Food in HK – Tea at the Intercontinental Hotel

As our trip to Hong Kong came to its conclusion, Tawn and I went to the Intercontinental Hotel on the Kowloon waterfront for afternoon tea.  With its panoramic view of the harbor, the Intercon offers a relaxing and refined way to spend your afternoon.  You end up feeling mighty sophisticated just because of the setting.

Located right along the Avenue of the Stars, a pedestrian walkway along the East Tsim Sha Tsui waterfront dedicated to the stars of Hong Kong cinema, the Intercon is a short walk from the MTR and Kowloon Railway stations.

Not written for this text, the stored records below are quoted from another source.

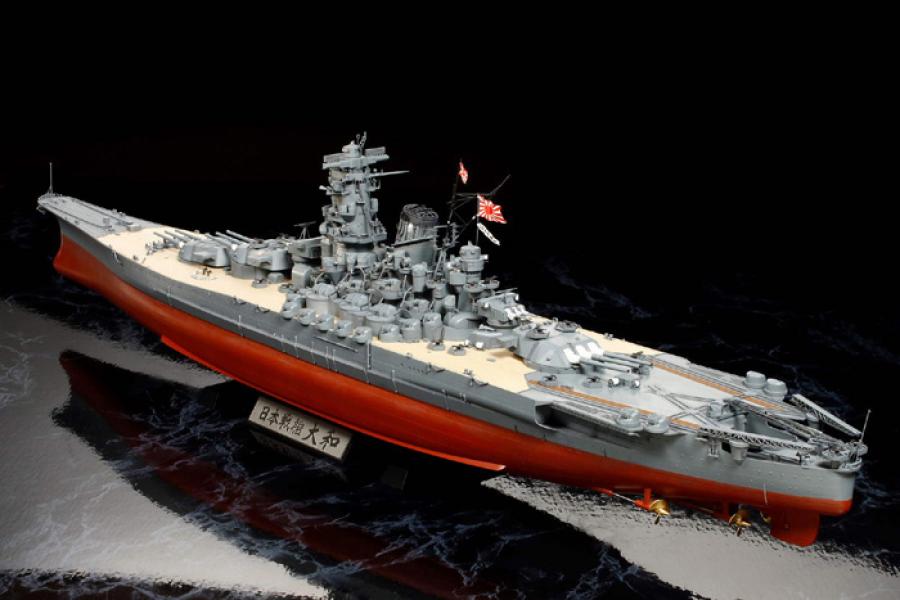Tamiya 1/350 Japanese Battleship Yamato Premium Edition pienoismalli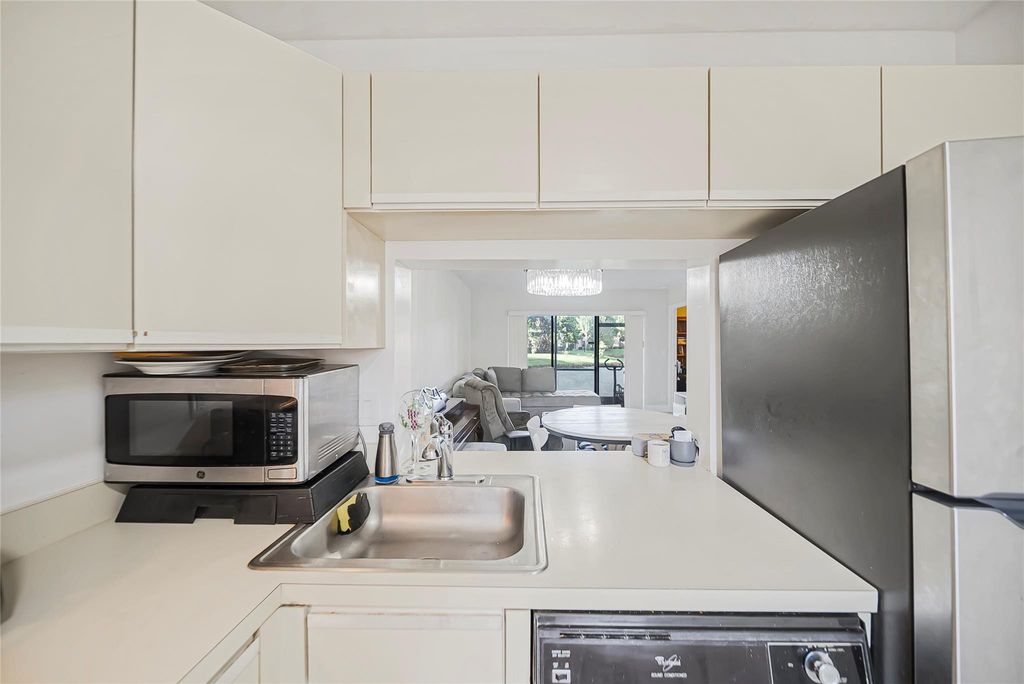 Photo of 3039 Carambola Circle #3039, Pompano Beach, FL 33066 (MLS # F10556656)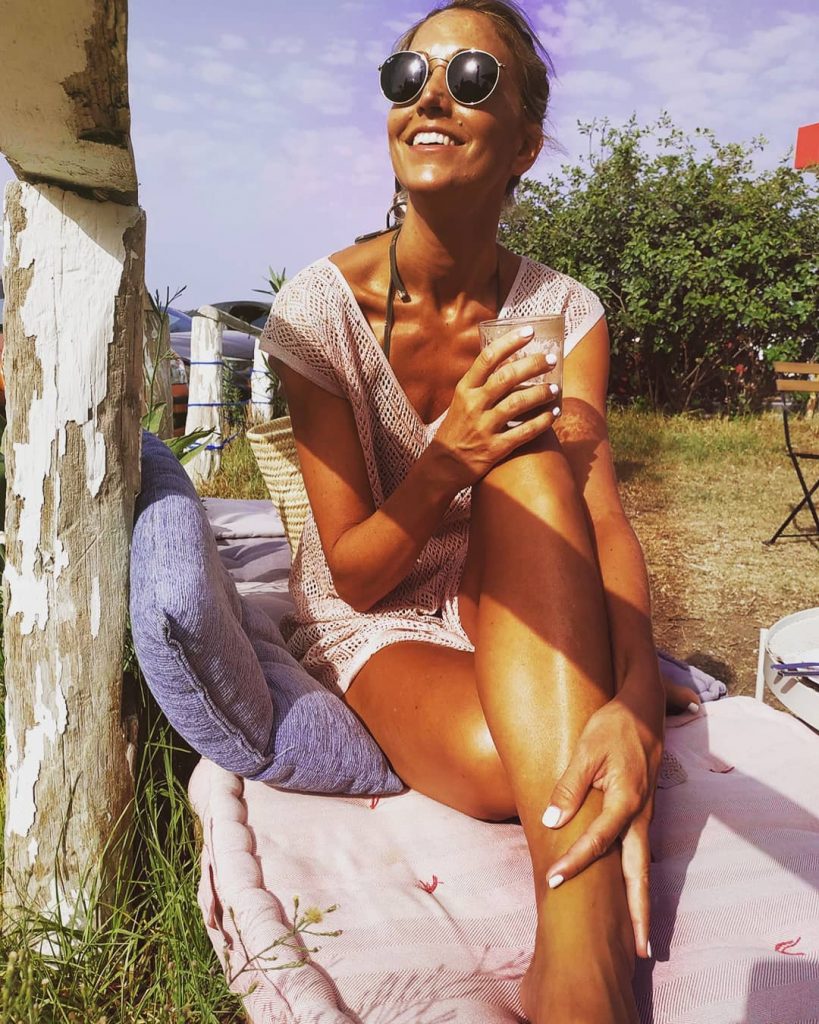 Enjoying a healthy and delicious breakfast at @power_house_tarifa in the sun!! #powerhousetarifa #breakfast .&hellip;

In the background to the left is the venerable Peninsula Hotel and, next to it, the Sheraton.  The Peninsula is famed for its afternoon tea but, I’ve been told, is both pricey and filled with tourists.  The Intercon offers both the option of either a simple tea service or an extravagant one while offering a view the Peninsula doesn’t.  And maybe slightly fewer tourists, although I can’t tell for certain.

The view from just outside the Intercon, showing the Avenue of the Stars walkway.  This being a reasonably clear day, you can see Victoria Peak back behind the IFC Tower.

The lobby of the Intercon is spacious and bright although the carpet could use a refresh.  Service is very attentive and friendly, though, and I felt very at home.

There was a full tea service that offered sandwiches, pastries, and other snacks.  Since we had eaten only a few hours before and had a large dinner planned, we went for the simple scone and tea option.  The teas are from Mariage Frères, a venerable Parisian company that has been producing fine teas for over 150 years.  It is also the “house tea” at our Bangkok condo.  (Yeah, I know that sounds horribly pretentious!)  In fact, it is the brand of tea Tawn served when he had the opportunity to meet Martha Stewart a few months ago at a friend’s shop.

The silver tea service is heavy and functional, not at all dainty and elegant.  The scones are tasty and the clotted cream and jelly are generously served.  An extra pot of hot water sits on the table and the server stops by every so often to top off your cup.

Certainly a very relaxing and refined way to spend an hour in the afternoon and a nice way to complete our trip to Hong Kong.  I think I should take tea in hotels more often.  And isn’t Tawn adorable in this picture?  As we say in Thai, na-rak jang leuy!

That evening, we had dinner at Aqua, the Japanese Italian fusion restaurant that overlooks the Hong Kong harbor from the top floor of One Peking Road.  I didn’t provide a write-up on the restaurant for two reasons: first, it was a little too dark for food pictures even with my camera; second, our hosts were the brother and brother-in-law of the owner.  We received some special considerations so I’m not sure I could objectively evaluate the restaurant.  I will say that the view is spectacular and the food is very good so if you’re looking for a high end destination restaurant, it is worth considering.

I hope you’ve enjoyed the series on the Hong Kong eats.  In the next few days I’ll put them all on a Google map and share that with you, in case you want to reference them on a future visit to Hong Kong.  Thanks for all your comments and feedback on the entries.